Anyone with sabers or swords attributed to the Poonah Irregular Horse?

I posted a pistol from c. 1850 marked to this unit and would love to see the blades they carried, specifically during the Persia campaign mid 1850's.

Thanks in advance!

I spent some time with a few more references.
Staying with the pistol you originally posted on the 'Afghan pistol' thread, the example you have with the lionhead butt cap has an example illustrated in "British Military Pistols 1603-1888", 1978, Robert Brooker, plate 124.
On the lock, the same POONAH IRREGULAR HORSE in same location, in lieu of the EIC rampant lion which is on earlier EIC pistols.
Apparantly Garden & Son, Piccadilly, were one of the largest outfitters to these 'irregular cavalry units' through the 1850s.
In the Brooker reference, there are pistols to the IRREGULAR 2ND CAVALRY and SCINDE IRREGULAR HORSE, both stamped in this same manner and most notably with the same lionhead butt cap.

As the designation POONAH IRREGULAR HORSE was used from 1847 until 1861, it is likely the pistol is of this period, and of course may well have been used during the Persian campaign of 1856-7, in which this unit participated in the charge at Kooshab. As you noted, your pistol was made by Harrington & Scott of Birmingham (who became partners in 1849).

The illustration of a Ratore Rajput of 34th Prince Albert Victors Own POONA HORSE was a watercolor by Maj. A C Lovett, CBE, in 1910 and appears in "The Armies of India" by Lt. Gen. Sir George MacMunn, 1911 (repr1984).
These illustrations are held by the National Army Museum.

The book "The Indian Army" by Boris Mollo, 1981, has an illustration of Col. Charles Swanston, Poona Irregular Horse c.1818 (p.42) by an unknown artist.

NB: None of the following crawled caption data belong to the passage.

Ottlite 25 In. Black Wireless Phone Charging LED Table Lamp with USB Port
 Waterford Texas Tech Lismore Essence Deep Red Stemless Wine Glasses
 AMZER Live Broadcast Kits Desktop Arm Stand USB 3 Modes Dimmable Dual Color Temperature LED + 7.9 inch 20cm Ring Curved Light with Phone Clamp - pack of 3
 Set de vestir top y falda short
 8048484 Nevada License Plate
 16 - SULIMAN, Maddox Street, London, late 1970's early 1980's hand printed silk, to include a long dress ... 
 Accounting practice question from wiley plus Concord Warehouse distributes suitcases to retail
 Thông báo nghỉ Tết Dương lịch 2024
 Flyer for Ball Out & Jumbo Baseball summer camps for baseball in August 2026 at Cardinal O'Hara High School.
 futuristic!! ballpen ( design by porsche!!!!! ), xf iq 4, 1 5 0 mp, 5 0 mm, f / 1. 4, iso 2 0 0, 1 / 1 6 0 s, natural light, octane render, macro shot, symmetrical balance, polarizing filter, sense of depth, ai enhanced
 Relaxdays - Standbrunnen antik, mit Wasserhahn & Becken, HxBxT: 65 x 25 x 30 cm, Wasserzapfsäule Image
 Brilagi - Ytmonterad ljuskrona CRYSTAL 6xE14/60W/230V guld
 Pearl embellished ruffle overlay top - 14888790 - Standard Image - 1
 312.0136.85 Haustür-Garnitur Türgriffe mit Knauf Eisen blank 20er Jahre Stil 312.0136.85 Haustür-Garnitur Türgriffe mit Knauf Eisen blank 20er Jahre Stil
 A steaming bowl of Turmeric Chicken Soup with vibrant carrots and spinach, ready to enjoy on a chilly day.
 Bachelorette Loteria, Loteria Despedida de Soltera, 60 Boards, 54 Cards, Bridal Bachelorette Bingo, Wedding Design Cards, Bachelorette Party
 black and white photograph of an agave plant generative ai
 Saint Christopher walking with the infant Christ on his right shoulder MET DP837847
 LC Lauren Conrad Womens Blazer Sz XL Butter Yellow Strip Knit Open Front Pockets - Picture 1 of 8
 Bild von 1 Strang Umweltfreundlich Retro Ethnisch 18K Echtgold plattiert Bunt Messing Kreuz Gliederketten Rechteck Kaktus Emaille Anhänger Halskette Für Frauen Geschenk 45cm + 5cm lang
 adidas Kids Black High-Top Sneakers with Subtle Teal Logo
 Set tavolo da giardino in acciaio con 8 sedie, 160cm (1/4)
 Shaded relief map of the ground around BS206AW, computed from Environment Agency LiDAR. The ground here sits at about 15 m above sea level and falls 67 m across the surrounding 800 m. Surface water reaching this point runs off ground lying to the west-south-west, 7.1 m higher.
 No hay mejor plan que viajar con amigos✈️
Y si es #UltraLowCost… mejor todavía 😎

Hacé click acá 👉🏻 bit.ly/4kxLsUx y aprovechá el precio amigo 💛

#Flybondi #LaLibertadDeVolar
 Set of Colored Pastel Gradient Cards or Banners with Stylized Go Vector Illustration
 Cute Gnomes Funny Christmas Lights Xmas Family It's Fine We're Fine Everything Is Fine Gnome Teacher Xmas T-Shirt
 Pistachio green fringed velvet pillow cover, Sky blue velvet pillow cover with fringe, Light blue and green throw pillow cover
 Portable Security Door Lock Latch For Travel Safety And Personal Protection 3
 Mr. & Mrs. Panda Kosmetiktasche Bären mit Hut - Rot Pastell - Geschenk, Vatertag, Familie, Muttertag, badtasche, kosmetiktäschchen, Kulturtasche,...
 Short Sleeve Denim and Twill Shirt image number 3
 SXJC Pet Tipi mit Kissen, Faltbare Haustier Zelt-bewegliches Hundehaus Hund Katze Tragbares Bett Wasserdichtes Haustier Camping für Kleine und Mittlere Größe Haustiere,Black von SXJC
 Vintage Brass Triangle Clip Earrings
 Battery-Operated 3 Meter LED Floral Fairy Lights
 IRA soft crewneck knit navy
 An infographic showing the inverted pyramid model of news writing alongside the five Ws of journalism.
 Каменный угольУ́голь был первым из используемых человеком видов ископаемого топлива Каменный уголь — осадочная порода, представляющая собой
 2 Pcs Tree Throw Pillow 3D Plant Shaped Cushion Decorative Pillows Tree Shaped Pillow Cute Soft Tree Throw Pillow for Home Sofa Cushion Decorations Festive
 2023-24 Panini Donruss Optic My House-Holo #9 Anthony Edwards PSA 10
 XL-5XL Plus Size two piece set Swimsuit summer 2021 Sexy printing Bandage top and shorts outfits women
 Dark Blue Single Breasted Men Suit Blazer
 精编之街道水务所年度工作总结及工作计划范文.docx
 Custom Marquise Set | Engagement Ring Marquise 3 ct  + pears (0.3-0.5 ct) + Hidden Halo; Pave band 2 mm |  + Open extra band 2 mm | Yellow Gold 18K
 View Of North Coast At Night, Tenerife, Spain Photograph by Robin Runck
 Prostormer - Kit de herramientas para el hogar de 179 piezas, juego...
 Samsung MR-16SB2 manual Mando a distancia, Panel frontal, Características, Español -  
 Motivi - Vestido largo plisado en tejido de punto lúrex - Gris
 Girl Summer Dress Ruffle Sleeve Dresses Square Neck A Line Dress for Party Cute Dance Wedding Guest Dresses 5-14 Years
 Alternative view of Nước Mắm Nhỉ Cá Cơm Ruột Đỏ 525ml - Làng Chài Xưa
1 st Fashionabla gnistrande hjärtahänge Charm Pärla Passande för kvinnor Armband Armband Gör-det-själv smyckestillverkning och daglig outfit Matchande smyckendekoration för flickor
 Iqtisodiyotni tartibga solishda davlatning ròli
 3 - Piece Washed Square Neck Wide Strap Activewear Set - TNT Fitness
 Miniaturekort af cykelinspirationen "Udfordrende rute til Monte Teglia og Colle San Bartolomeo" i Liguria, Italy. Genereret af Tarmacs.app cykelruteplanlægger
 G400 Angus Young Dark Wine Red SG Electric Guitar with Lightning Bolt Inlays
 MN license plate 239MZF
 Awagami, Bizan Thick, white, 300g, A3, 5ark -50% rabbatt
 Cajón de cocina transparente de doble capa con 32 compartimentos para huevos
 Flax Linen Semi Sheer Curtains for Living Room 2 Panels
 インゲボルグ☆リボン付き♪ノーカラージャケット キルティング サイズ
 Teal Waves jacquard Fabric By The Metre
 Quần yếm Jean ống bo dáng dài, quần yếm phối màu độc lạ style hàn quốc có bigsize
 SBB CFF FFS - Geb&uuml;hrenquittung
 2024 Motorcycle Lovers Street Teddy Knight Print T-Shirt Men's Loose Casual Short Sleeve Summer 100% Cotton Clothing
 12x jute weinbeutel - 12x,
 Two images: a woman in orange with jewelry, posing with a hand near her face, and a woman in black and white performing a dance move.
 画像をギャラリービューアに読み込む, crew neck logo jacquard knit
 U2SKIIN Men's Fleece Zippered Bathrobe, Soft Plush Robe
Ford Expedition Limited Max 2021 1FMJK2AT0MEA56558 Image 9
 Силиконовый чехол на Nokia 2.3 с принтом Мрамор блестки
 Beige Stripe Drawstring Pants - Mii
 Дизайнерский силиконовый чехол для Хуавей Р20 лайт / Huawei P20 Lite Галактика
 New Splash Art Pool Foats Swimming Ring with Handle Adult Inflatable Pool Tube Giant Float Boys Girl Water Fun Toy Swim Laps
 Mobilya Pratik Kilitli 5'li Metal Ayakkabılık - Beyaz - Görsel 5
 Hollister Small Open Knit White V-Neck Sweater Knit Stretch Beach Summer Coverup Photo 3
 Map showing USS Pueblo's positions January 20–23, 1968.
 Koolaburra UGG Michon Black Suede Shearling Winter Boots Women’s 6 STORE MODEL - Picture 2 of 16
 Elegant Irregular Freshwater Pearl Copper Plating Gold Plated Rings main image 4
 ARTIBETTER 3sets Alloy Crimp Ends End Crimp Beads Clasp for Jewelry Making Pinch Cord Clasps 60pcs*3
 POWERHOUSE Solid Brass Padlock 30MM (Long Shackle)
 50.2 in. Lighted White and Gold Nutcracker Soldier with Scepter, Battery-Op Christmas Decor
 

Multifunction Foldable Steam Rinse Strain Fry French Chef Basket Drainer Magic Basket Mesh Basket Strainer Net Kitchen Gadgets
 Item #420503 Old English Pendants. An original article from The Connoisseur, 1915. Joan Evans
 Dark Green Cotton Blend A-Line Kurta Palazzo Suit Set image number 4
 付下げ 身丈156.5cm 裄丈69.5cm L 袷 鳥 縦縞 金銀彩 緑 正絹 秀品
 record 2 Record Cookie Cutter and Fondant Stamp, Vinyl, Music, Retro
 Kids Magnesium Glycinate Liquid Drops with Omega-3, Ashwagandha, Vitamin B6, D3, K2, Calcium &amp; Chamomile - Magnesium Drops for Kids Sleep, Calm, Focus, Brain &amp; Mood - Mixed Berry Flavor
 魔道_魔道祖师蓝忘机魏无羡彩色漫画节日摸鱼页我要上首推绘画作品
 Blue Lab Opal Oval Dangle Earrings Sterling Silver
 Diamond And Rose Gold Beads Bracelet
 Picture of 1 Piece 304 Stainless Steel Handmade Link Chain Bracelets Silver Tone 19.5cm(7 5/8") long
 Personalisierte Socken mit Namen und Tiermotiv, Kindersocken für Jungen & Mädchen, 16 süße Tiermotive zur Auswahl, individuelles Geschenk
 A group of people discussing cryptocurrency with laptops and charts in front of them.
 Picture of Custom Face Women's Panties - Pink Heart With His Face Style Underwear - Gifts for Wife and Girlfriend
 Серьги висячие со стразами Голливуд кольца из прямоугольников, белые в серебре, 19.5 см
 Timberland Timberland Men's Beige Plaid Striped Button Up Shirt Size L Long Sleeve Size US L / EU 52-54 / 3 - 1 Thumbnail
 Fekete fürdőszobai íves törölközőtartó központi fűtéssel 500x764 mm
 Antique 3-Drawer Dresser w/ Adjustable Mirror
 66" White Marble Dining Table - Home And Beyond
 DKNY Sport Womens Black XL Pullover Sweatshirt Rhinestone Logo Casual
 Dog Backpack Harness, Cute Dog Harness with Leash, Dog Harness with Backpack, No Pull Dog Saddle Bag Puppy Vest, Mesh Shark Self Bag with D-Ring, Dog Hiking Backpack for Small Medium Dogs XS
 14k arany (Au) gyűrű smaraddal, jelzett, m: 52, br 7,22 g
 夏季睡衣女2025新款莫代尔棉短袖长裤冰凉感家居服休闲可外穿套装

The figure is standing next to a horse, and has a pistol in sash and apparently a mameluke type officers sabre There is no other detail in text as far as I could find.

As far as swords used by this regiment in the Persian campaigns, since the Paget pattern swords were not around until 1860s, it might be presumed that East India Company swords or outfitted officers type swords might have been in use. The 'Company' had ordered as many as 10,000 of the 1796 type light cavalry sabres in the 1790s. According to David Harding, no EIC markings were ever on swords (I do know earlier they were on bayonets).

Though after the 1857 mutiny, the EIC was effectively ceased, it seems possible some regular British military patterns might have been in use, but I have not yet found more on that.

At this point it is far more likely to find examples or data on the weapons for officers of this unit than the troopers. It is interesting that the Garden & Co. lionhead butt caps seem peculiar to that firm, and supplying these 'irregular' units. The term is with regard to the fact they these units were usually 'sillidar' (troopers supply own horses) and usually had just a few officers controlling the unit. The squadrons (risallahs) were as many as ten with up about 500 men in each.